Gepubliceerd op 17-11-2021

Eikel

betekenis & definitie

is de nootvrucht van de eik, zich bevindend in een cupula. de e. van de zomereik zit in een langgesteelde cupula, die van de wintereik is zittend. De e. van de Am. eik zijn in tegenstelling met die van zomer- en wintereik pas het 2e jaar rijp en hebben een viltige beharing op de binnenvruchtwand, waardoor ze minder geschikt zijn voor veevoeder (varkens, schapen, herten).

Ook deze e. zijn zittend. De e. van zomer- en wintereik worden ook gebruikt voor de fabricage van eikelkoffie.E. kunnen granen in de veevoeding gedeeltelijk vervangen. Ze zijn arm aan eiwit en vet, rijk aan koolhydraten. De bast is zeer rijk aan ruwvezel en heeft de waarde van stro. De bittere smaak is het gevolg van een hoog looizuurgehalte, dat gemakkelijk verstopping en zelfs vergiftiging geeft. Door koken en uitlogen met water is het looizuur voor een belangrijk gedeelte te verwijderen.

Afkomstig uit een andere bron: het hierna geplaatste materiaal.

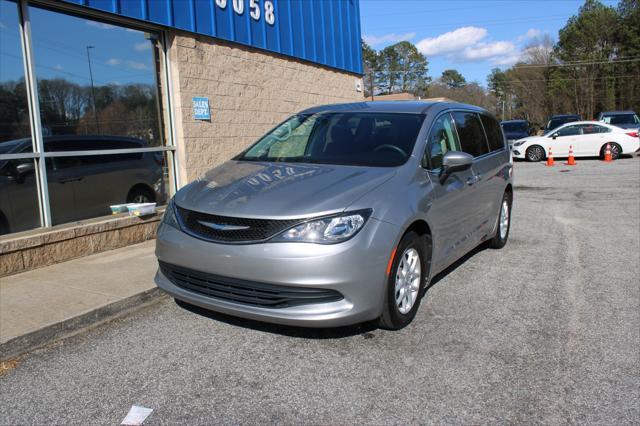 used 2018 Chrysler Pacifica car, priced at $13,999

Schapen en geiten kan men ¼ — ½ kg gedroogde eikels per dag voeren, paarden en koeien 2 kg (eerst aan laten wennen), varkens ½ - 1 kg eikelmeel of verse eikels. Ze geven hard spek, soms met bijsmaak. Schimmelige eikels moet men eerst koken. E. moet men voeren in combinatie met laxerende voedermiddelen. Een nog onopgelost probleem is de beste wijze waarop in de herfst ingezamelde eikels op een goedkope wijze voor voederdoeleinden geconserveerd kunnen worden. Eesten na ontdopping is hiervoor te duur, hoewel het afdoende is.